Optimal solution for "Bitwise AND" problem in C#

Problem statement:
Given an array of non-negative integers, count the number of unordered pairs of array elements, such that their bitwise AND is a power of 2.
Example:
arr = [10, 7, 2, 8, 3]
Answer: 6 (10&7, 10&2, 10&8, 10&3, 7&2, 2&3)
Constraints:
1 <= arr.Count <= 2*10^5
0 <= arr[i] <= 2^12
Here's my brute-force solution that I've come up with:
private static Dictionary<int, bool> _dictionary = new Dictionary<int, bool>();
public static long CountPairs(List<int> arr)
{
long result = 0;
for (var i = 0; i < arr.Count - 1; ++i)
{
for (var j = i + 1; j < arr.Count; ++j)
{
if (IsPowerOfTwo(arr[i] & arr[j])) ++result;
}
}
return result;
}
public static bool IsPowerOfTwo(int number)
{
if (_dictionary.TryGetValue(number, out bool value)) return value;
var result = (number != 0) && ((number & (number - 1)) == 0);
_dictionary[number] = result;
return result;
}
For small inputs this works fine, but for big inputs this works slow.
My question is: what is the optimal (or at least more optimal) solution for the problem?
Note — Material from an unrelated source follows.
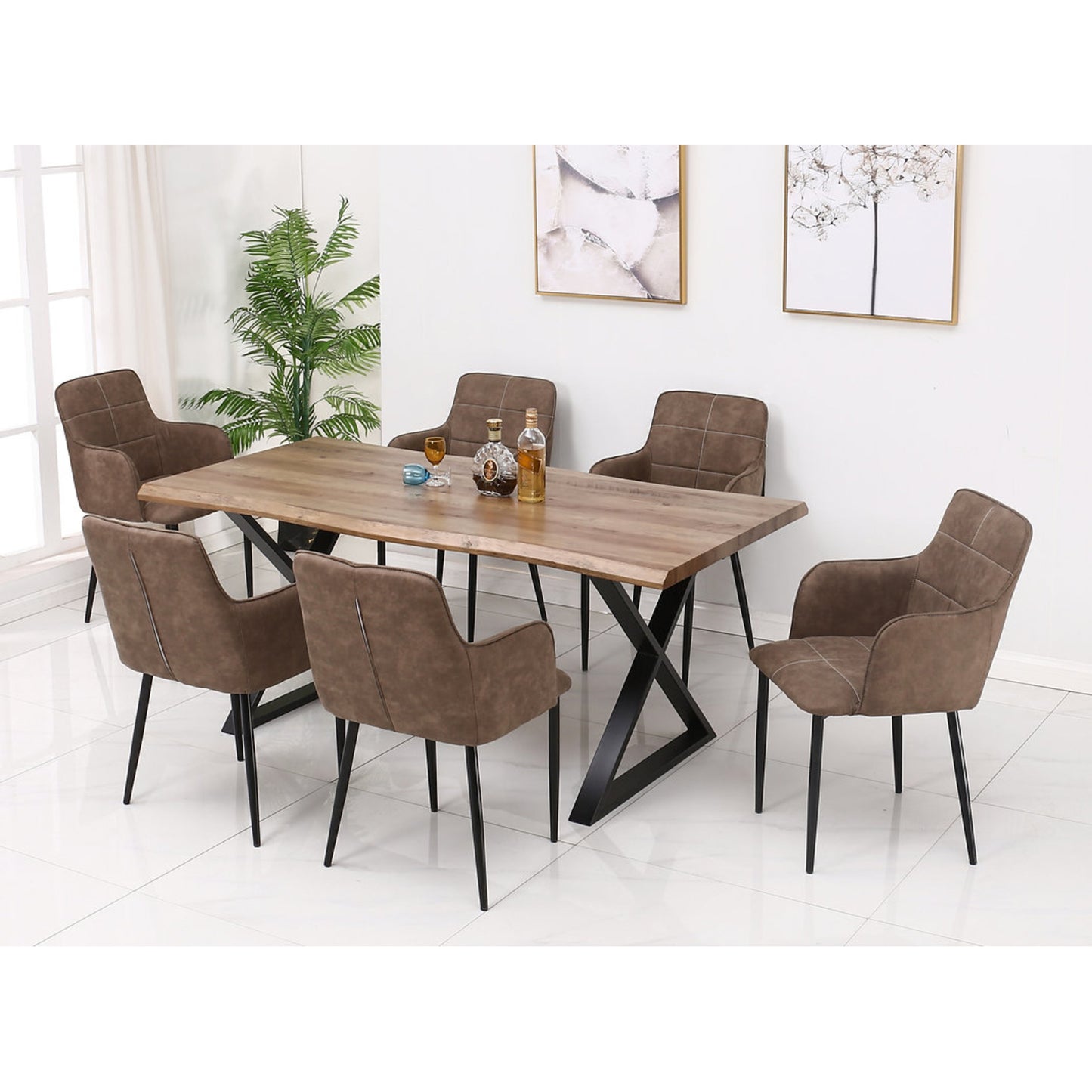 7pc Dining Set -IF 1835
Please provide a graceful solution in C#. 😊

One way to accelerate your approach is to compute the histogram of your data values before counting.
This will reduce the number of computations for long arrays because there are fewer options for value (4096) than the length of your array (200000).
Be careful when counting bins that are powers of 2 to make sure you do not overcount the number of pairs by including cases when you are comparing a number with itself.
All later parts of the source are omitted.